Updated: 11:49 a.m.
A Congressional Budget Office analysis released Wednesday morning found that the deficit cutting bill proposed by Senate Majority Leader Harry Reid (D-Nev.) cuts significantly deeper and faster than the one proposed by Speaker John Boehner (R-Ohio), although it still fell $500 billion less than the $2.7 trillion advertised.
Sources indicated, however, that Reid was already in the process of tweaking his proposal, which is why he has not yet begun the time-consuming procedural maneuvers needed to bring the measure to a vote in the Senate.
A Reid spokesman said Democrats are still gratified by the overall CBO assessment. "We are glad Congress' budget referee agrees that the Senate bill cuts the deficit by $1.3 trillion more than Speaker Boehner's bill. We are also glad to see that CBO credits the Senate bill with a full trillion dollars in savings from winding down the wars, rebutting Republicans' arguments once and for all," Adam Jentleson said. "It becomes clearer by the hour that the Senate bill is the only true compromise in Congress, so it's time for Republicans to get serious about averting the economic crisis looming in less than a week and drop their doomed tea party bill."
Much of the shortfall is due to the CBO scoring the package on its current, updated budget assumptions from March. That includes hundreds of billions of dollars in cuts already assumed because of the continuing resolution funding the government.

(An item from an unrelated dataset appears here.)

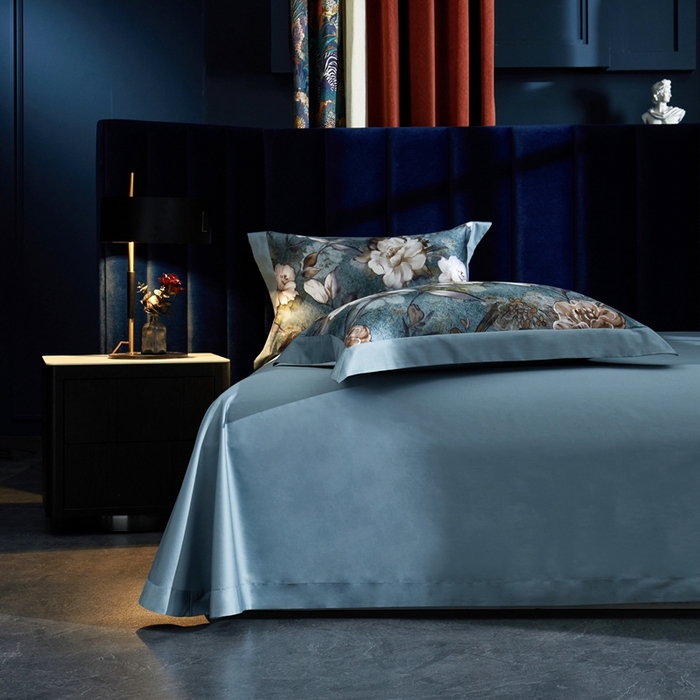 91家纺网 家纺一手货源 找家纺 缔缦  2023新款100s长绒棉数码印花拼角款四件套系列-伊鲁特花园 伊鲁特花园 石墨蓝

The same scoring trouble befell Boehner’s bill Tuesday, sending the GOP leadership back to the drawing board to meet its promise of a one-to-one match of spending cuts to increase the debt limit.
And the Reid score complicates the endgame for finding a deal to raise the debt ceiling before the Aug. 2 deadline set by Treasury Secretary Timothy Geithner to avoid a default on U.S. obligations.
The score found that Reid’s plan would slice the deficit by $2.2 trillion over a decade — with more than half of that coming from assumptions that the United States will wind down wars in Iraq and Afghanistan. The GOP has ridiculed using that presumed savings as a budget “gimmick.”
Still, even without the war assumptions, Reid’s bill cuts significantly more than Boehner’s and significantly faster, the CBO analysis showed. Before savings on interest on the debt, the discretionary spending caps in Reid’s plan cut $751 billion over the next decade versus $710 billion in Boehner’s original bill.
And in the first two years, Reid’s bill shrinks the deficit by $129 billion versus $17 billion for Boehner’s plan. Even without the war funding, Reid’s bill would slice the deficit by about $58 billion in the first two years — more than three times Boehner’s savings.